A chair for Menahem Pressler
OrchestrasChamber Music Detroit has endowed a Menahem Pressler Chair in Chamber Music.
They say: ‘Pressler was maybe the greatest chamber musician who ever lived. It is an incredible honor and privilege to be able to have as the first occupant of that chair someone like Daniel Hope, who performed with him hundreds of times.’
Heartwarming news. When so much else looks bleak.
The Oxford Philharmonic has created the Menahem Pressler Scholarships offered to students attending the Oxford Piano Festival, the Orchestra’s Summer Academy for pianists, at which Professor Pressler has given numerous masterclasses over many years.
That’s so beautiful and appropriate. The Beaux Arts trio came to Cambridge, MA, when I was teaching there. Menachem Pressler would peep over the top of the music to check in with the violin and cello and sharing with them with such joy in making music together. This concert was unforgettable, an inspiration how music connects us with warmth.
It is certainly correct that Pressler is perhaps the greatest chamber musician of all time. His complete survey of the Haydn piano trios with the Beaux Arts Trio, alone, would be enough to substantiate such praise. Well done, Detroit.

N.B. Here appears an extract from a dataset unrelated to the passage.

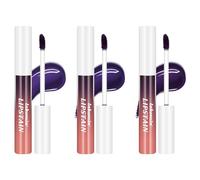 LOPHE Lip Stain Peel Off, 3 Piezas Lip Tint Set, Mujeres Tinte Labios Despegable, Impermeable, Lápiz Labial con Acabado Mate, Brillo Labial de Larga Duración, Brillo de Labios Extraíble(Conjunto C)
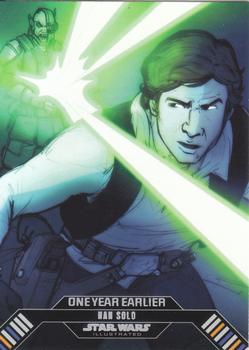 2015 Topps Star Wars Illustrated The Empire Strikes Back - One Year Earlier #OY-3 Han Solo Front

The first time I heard Menahem Pressler live was at the University of Illinois in Champaign, and the Beaux Arts played the finale of Beethoven’s Opus 1 No. 1 as an encore. From the first note, the sound he created was magical!
I heard him several times thereafter, and he seemed to be a gentle, kind soul who even in his nineties always gave us a gift of wonderful music.